Yes, the fat is high, but i wouldnt have used it as the primary food in the mix (if that makes sense).

I will look into Fromm! Also have to check which stores supply them too. Thanks for the suggestion


----------



## Lilysmommy (Jan 7, 2009)

Wild Calling looks good to me. It has better quality "filler" ingredients than a lot of foods, IMO, at least for the first couple. It's hard to find even grain-free foods that aren't full of fillers, unfortunately...though some are better than others. I try to avoid peas & potatoes, at least, and other than that, just try to keep the number as low as possible. I have the Fromm's Mature Gold that Soyala mentioned to keep Bindi on while we switch to a raw diet, since she's already used to it.


----------



## ScoopzOFRolo (Nov 1, 2015)

Lilysmommy - what is the size and shape of the kibble for Fromm mature?


----------



## Lilysmommy (Jan 7, 2009)

Soyala will have to answer that one...I haven't actually opened the bag yet! :lol: We still have some of the whole food mix from Soyala left, so I haven't had to get into it.


----------



## ScoopzOFRolo (Nov 1, 2015)

Soyala - any idea of the kibble size and shape?


----------



## Kalandra (Aug 25, 2008)

Unless they have changed it was a smallish size pellet.
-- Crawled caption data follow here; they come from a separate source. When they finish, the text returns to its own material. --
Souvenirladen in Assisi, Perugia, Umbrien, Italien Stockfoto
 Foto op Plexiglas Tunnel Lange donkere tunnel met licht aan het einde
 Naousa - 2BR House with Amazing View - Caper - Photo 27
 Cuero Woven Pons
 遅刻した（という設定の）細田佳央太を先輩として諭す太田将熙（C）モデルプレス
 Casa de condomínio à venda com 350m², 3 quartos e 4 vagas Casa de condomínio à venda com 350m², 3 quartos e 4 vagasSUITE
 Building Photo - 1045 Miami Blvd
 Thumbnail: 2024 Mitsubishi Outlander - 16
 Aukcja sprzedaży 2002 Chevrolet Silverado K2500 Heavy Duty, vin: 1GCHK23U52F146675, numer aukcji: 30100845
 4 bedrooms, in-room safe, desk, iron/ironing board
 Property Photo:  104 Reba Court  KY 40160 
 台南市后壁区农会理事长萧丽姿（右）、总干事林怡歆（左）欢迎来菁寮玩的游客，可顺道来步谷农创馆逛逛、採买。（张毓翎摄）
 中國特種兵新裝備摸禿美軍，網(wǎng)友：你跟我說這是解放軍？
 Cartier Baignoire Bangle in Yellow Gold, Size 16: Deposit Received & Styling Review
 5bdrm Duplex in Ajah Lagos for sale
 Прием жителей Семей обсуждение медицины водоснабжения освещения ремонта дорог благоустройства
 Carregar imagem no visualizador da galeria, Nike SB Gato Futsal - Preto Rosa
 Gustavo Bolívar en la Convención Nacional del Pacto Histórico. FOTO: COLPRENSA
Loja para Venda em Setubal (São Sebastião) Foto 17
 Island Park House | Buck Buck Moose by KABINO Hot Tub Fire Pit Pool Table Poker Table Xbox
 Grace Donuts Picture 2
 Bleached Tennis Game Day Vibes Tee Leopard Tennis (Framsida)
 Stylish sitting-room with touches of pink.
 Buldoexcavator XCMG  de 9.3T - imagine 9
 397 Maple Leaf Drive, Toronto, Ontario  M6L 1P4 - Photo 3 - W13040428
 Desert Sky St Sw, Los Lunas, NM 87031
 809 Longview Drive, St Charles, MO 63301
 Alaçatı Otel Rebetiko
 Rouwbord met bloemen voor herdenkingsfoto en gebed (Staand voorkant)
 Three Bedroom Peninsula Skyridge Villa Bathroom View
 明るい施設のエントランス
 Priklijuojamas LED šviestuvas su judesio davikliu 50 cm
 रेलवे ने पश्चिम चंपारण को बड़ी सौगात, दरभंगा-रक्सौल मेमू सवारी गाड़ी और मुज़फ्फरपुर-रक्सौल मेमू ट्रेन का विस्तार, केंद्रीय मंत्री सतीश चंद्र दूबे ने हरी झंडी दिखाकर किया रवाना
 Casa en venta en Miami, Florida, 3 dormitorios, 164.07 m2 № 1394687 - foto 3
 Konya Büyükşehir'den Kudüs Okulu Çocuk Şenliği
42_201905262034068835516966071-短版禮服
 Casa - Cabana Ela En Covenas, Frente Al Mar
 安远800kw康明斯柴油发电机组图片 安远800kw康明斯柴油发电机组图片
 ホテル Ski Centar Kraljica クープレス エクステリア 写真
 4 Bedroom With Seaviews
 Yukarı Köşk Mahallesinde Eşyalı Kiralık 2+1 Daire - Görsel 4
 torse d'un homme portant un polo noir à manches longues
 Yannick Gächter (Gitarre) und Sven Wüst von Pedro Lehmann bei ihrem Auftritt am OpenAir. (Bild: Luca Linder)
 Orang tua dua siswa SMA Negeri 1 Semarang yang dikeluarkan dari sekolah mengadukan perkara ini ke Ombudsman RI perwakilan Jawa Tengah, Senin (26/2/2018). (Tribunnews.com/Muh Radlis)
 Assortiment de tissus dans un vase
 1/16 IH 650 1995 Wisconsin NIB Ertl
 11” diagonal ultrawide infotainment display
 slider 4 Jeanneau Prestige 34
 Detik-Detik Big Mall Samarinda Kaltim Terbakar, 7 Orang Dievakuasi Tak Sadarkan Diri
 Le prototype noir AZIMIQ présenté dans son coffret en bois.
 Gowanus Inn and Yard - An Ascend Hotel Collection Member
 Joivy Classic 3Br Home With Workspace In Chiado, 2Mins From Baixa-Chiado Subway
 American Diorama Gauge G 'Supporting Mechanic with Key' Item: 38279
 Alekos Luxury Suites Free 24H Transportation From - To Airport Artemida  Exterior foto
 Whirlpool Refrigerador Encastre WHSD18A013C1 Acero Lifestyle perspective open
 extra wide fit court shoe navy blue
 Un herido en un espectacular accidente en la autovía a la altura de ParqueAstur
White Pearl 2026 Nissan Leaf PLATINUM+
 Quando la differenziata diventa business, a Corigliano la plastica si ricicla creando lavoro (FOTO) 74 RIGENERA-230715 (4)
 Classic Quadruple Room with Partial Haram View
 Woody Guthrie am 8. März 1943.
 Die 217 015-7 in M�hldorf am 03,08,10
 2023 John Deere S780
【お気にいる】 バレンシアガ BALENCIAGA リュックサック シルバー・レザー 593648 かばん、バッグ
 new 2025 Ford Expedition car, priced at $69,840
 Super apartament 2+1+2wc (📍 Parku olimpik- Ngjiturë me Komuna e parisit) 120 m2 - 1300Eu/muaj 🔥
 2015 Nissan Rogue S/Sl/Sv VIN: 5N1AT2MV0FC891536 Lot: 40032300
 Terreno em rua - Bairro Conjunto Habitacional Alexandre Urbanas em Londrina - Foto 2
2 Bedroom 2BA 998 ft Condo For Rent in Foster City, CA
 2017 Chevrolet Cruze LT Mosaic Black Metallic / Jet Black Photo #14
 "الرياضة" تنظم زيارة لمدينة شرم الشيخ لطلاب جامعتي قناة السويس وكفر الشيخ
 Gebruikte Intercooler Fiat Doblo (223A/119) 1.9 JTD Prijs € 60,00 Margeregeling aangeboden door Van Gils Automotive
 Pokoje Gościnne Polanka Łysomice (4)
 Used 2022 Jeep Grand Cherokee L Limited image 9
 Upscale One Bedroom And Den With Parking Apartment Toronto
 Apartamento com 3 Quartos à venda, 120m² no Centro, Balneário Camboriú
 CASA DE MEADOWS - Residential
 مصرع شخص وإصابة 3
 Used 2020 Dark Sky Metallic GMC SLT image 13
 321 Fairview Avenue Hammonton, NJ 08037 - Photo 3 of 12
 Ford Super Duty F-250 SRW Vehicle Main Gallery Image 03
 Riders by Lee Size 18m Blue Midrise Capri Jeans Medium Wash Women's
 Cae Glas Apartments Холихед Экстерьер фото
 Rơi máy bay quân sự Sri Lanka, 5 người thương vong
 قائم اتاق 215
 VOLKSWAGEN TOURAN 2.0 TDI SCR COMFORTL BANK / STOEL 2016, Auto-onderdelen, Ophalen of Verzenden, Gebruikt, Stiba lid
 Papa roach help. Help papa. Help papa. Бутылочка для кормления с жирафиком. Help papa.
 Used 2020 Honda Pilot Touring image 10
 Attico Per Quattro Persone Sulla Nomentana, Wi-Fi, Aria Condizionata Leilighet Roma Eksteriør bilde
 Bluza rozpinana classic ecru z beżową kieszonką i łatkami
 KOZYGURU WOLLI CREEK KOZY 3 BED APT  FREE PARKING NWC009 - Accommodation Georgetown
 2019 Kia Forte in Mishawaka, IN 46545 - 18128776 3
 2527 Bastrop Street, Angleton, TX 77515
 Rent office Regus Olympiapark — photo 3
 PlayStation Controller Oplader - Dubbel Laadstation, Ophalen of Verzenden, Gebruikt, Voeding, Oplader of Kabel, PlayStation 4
Most of Fromm's foods seem to be of similar size and shape.


----------



## ScoopzOFRolo (Nov 1, 2015)

Thanks Kalandra!


----------



## Kalandra (Aug 25, 2008)

Had time to find what I thought was out there... from: http://www.hedgehogcentral.com/forums/12-diet-nutrition/10403-kibble-sizes-2.html#post283241


----------



## ScoopzOFRolo (Nov 1, 2015)

Aha! Thank you. I don't know why I didn't think to look there myself.


----------